It was said that the prison was so dirty and squalid, that the floors crunched as you walked due to all of the lice and bedbugs.
The women’s area was equally as appalling, crowded with half naked women, drunk, sometimes deranged, in leg irons and often with their children in tow.

At the same time as the prison rebuild, the site for London’s public gallows moved from Tyburn, over to Newgate Prison.
This meant that the public executions were now held in the heart of the City of London, drawing large audiences all the way up until the public executions were abandoned in 1868.

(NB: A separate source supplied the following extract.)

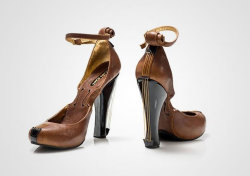 harlequincricket:  Violin Heels by Kobi Levi   sapatos da ingrid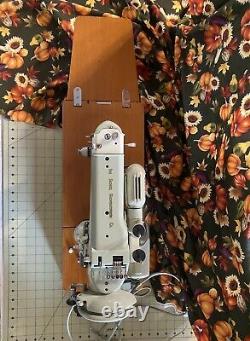 Singer Sewing Machine 320 K Heavy Duty Free Arm #(EP87420)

The church of St Sepulchre-without-Newgate, also has a rather ghoulish part to play in the executions.
At midnight on the eve of an execution, a bellman would walk along the prison tunnels ringing ‘twelve solemn towels with double strokes’ on his handbell whist chanting~
“All you that in the condemned hold do lie, Prepare you, for tomorrow you shall die;
Watch all and pray, the hour is drawing near That you before the Almighty must appear;
Examine well yourselves, in time repent, That you may not to eternal flames be sent:
And when St. Sepulchre’s bell tomorrow tolls, The Lord above have mercy on your souls.”

The Old Bailey now stands on the site of the old Newgate Prison. However, if you venture around the back of Amen Court, you will find something quite unexpected ~ the only surviving wall of Newgate Prison!